The University of Liverpool has dropped its controversial policy of “academic sanctions” for students who failed to meet rent payments.

These sanctions denied students access to facilities such as the library, their email accounts, Wi-Fi and the University’s Virtual Learning Environment (VITAL).  In some cases, students were unable to graduate or re-enrol.

These changes come after the Competition and Markets Authority (CMA) and the Office for Students (OfS) took action against the University, who applied these policies to over former and current students.

Liverpool has since begun to take steps to stop the practice and formally committed to address the CMA’s consumer protection law concerns.

The changes instilled will ensure that students will not be penalised in their academic studies for non-tuition fee debt.

According to the CMA, more than 2000 students had been affected by these sanctions between the 2015/16 and 2017/18 academic years.

Students who received sanctions were 12.9% less likely to move on to the next year of study and twice as likely to re-sit exams or repeat the year.

Despite numerous complaints from their Guild of Students, Liverpool remained one of six UK institutions still using the system of academic sanctions.

Guild President Rory Hughes said: “The University’s public accounts show they are making a substantial surplus from the sky-high rent they are charging.

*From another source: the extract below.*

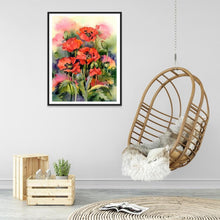 Lade das Bild in den Galerie-Viewer, Blumen - voller runder Diamant - 30x40cm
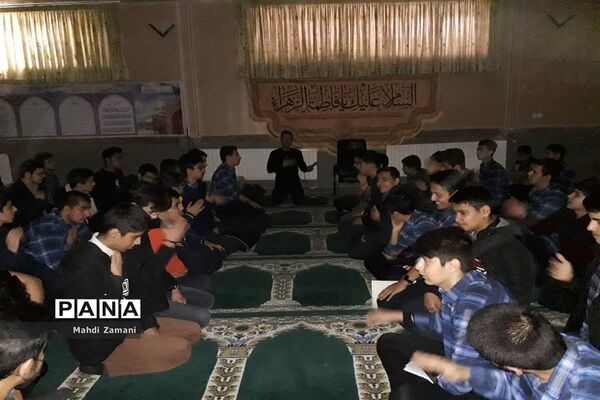 مراسم سوگواری شهادت حضرت فاطمه زهرا (س) در دبیرستان نمونه دولتی مبین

Pushing students into financial hardship and pricing others out of the halls experience to achieve these figures is unjustifiable

–  Rory Hughes

“Pushing students into financial hardship and pricing others out of the halls experience to achieve these figures is unjustifiable.

“Their public accounts also show that they are hiking rents because they can, not because there are necessarily increased costs each year. This is extraction pure and simple.”

The cheapest university accommodation for the 2019/20 academic year costs £5,399.94 at Liverpool, and the most expensive is £8,315.58. The average UK maintenance loan is £7,200.

Mr Hughes said that using the sanctions to recoup money “makes the University of Liverpool nothing other than a dodgy landlord”.

CMA’s Senior Director for Consumer Protection, George Lusty, said: “This is great news for students at the University of Liverpool.

“We appreciate that legitimate debts from students should be recovered, but to stop them from progressing in their studies or graduating for unrelated debts is unfair.

“We welcome the commitment to removing academic sanctions for non-tuition fee debt and expect all universities to bring an end to similar policies and treat students fairly.”